As we can see the accepted manuscript is formatted like the published version, but doesn’t show the journal and publisher logo, the page numbers, issue/volume numbers, DOI or the copyright statement.
So when trying to establish whether a given file is the published or accepted version, looking out for the above is a fairly foolproof method.
Identifying submitted versions
This is where things get rather tricky. Because the difference between an accepted and submitted manuscript lies in the actual content of the paper, it is often impossible to tell them apart based on visual clues. There are usually two ways to find out:
- Getting confirmation from the author
- Going through a process of finding and comparing the submission date and acceptance date of the paper (if available), mostly relevant in the case of arXiv files
Getting confirmation from the author of the manuscript is obviously the preferable and time-saving option. Unfortunately many researchers mislabel their files when uploading them to the system, describing their accepted/published version file as submitted (the fact that they do so when submitting the paper to us may partly explain this). So rather than relying on file descriptions, having an actual statement from the author that the file is the submitted version is better. Although in an ideal world this would never happen as everyone would know that only accepted and published versions should be sent to us.
A common incarnation of submitted manuscripts we receive is arXiv files. These are files that have been deposited in arXiv, an online repository of pre-prints that is widely used by scientists, especially mathematicians and physicists. An example is shown below.
Clicking on the arXiv reference on the left-hand side of the document (circled) leads to the arXiv record page as shown below.
The ‘comments’ and ‘submission history’ sections may give clues as to whether the file is the submitted or accepted manuscript. In the above example the comments indicate that the manuscript was accepted for publication by the MNRAS journal (Monthly Notices of the Royal Astronomical Society). So this arXiv file is probably the accepted manuscript.
The submission history lists the date(s) on which the file (and possible subsequent versions of it) was/were deposited in arXiv. By comparing these dates with the formal acceptance date of the manuscript which can be found on the journal website (if published), we can infer whether the arXiv file is the submitted or accepted version. If the manuscript hasn’t been published and there is no way of comparing dates, in the absence of any other information, we assume that the arXiv file is the submitted version.
Distinguishing between different manuscript versions is by no means straightforward. The fact that even our experienced Open Access Team may still encounter cases where they are unsure which version they are looking at shows how confusing it can be. The process of comparing dates can be time-consuming itself, as not all publishers show acceptance dates for papers (ring a bell?).

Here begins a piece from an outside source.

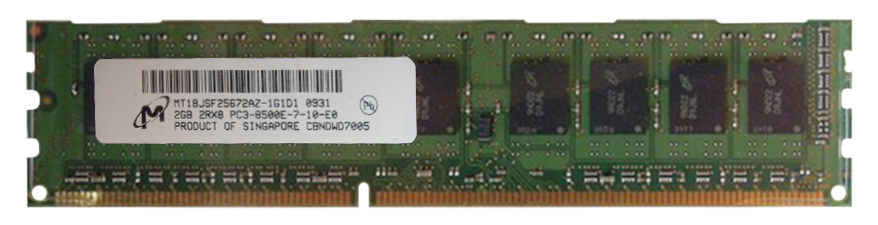 MT18JSF25672AZ-1G1D1 Micron 2GB PC3-8500 DDR3-1066MHz ECC Unbuffered CL7 240-Pin DIMM Dual Rank Memory Module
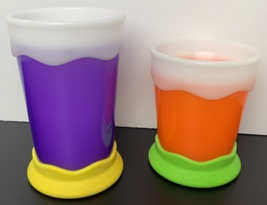 Munchkin Healthflow 2004 Orange Purple 6oz. Cups Tip Resistant Flared Base - $12.86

Depositing a published (not OA) version instead of an accepted manuscript may infringe publisher copyright. Depositing a submitted version instead of an accepted manuscript may mean that research that hasn’t been vetted and scrutinised becomes publicly available through our repository and possibly be mistaken as peer-reviewed. When processing a manuscript we need to be sure about what version we are dealing with, and ideally we shouldn’t need to go out of our way to find out.